Indonesia–Russia relations are the bilateral relations between Indonesia and Russia. Indonesia and the Soviet Union established diplomatic relations on 3 February 1950. Russia has an embassy in Jakarta and has announced plans to open a consulate-general in Denpasar, while Indonesia has an embassy in Moscow along with an honorary consulate in Saint Petersburg. Both countries are members of the APEC, G-20 and BRICS.

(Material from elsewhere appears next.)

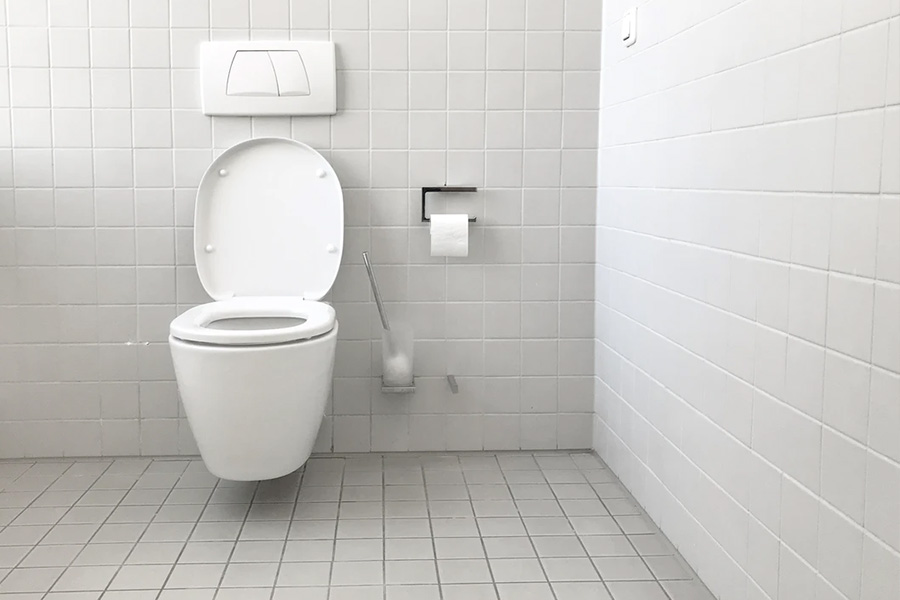 Wall-mounted toilet in white bathroom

According to a 2018 Pew Research Center poll, 46% of Indonesians have a favourable view of Russia, with 31% expressing an unfavourable view.

==History==

=== Colonial era ===
In the 19th century, Imperial Russian maritime expeditions started visiting the archipelago. In 1806, two sailing-ships, the Nadezhda and the Neva, under Ivan Krusenshtern and Yuri Lisyansky, engaged in the first Russian circumnavigation of the earth, and approached the shores of Indonesia.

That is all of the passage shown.